### EXERCISE MATERIAL:
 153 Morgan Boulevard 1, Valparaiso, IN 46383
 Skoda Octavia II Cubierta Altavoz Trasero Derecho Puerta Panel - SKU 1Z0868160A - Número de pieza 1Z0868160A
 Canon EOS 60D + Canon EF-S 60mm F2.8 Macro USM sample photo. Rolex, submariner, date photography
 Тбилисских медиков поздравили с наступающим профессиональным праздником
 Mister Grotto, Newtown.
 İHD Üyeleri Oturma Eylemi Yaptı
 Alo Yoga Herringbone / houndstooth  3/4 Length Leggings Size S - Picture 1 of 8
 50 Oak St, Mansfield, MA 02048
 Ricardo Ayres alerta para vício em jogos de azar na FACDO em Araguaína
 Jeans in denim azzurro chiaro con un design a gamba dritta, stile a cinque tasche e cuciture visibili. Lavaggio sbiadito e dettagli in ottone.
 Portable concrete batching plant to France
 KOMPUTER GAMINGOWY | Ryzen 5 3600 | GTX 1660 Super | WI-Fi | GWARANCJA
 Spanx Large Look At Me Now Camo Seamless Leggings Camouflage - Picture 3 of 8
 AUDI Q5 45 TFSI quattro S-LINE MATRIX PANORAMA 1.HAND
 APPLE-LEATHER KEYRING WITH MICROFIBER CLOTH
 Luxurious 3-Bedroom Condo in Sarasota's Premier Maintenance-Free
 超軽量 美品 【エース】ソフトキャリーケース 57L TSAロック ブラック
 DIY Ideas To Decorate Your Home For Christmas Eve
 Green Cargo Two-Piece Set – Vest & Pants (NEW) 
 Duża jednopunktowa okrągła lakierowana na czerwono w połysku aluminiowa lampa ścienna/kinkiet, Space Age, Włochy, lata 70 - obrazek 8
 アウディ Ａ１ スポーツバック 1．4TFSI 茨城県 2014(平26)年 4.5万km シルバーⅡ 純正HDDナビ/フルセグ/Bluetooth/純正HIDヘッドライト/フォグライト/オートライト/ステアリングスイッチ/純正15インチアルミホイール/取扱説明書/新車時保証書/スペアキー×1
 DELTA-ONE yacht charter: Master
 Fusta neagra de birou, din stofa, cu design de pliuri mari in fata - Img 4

### WHAT IS EXPECTED:
Give the exact lines, and only those, from the line containing "Jeans in denim" through the line containing "Duża jednopunktowa okrągła" in the entries above.

### SOLUTION:
 Jeans in denim azzurro chiaro con un design a gamba dritta, stile a cinque tasche e cuciture visibili. Lavaggio sbiadito e dettagli in ottone.
 Portable concrete batching plant to France
 KOMPUTER GAMINGOWY | Ryzen 5 3600 | GTX 1660 Super | WI-Fi | GWARANCJA
 Spanx Large Look At Me Now Camo Seamless Leggings Camouflage - Picture 3 of 8
 AUDI Q5 45 TFSI quattro S-LINE MATRIX PANORAMA 1.HAND
 APPLE-LEATHER KEYRING WITH MICROFIBER CLOTH
 Luxurious 3-Bedroom Condo in Sarasota's Premier Maintenance-Free
 超軽量 美品 【エース】ソフトキャリーケース 57L TSAロック ブラック
 DIY Ideas To Decorate Your Home For Christmas Eve
 Green Cargo Two-Piece Set – Vest & Pants (NEW) 
 Duża jednopunktowa okrągła lakierowana na czerwono w połysku aluminiowa lampa ścienna/kinkiet, Space Age, Włochy, lata 70 - obrazek 8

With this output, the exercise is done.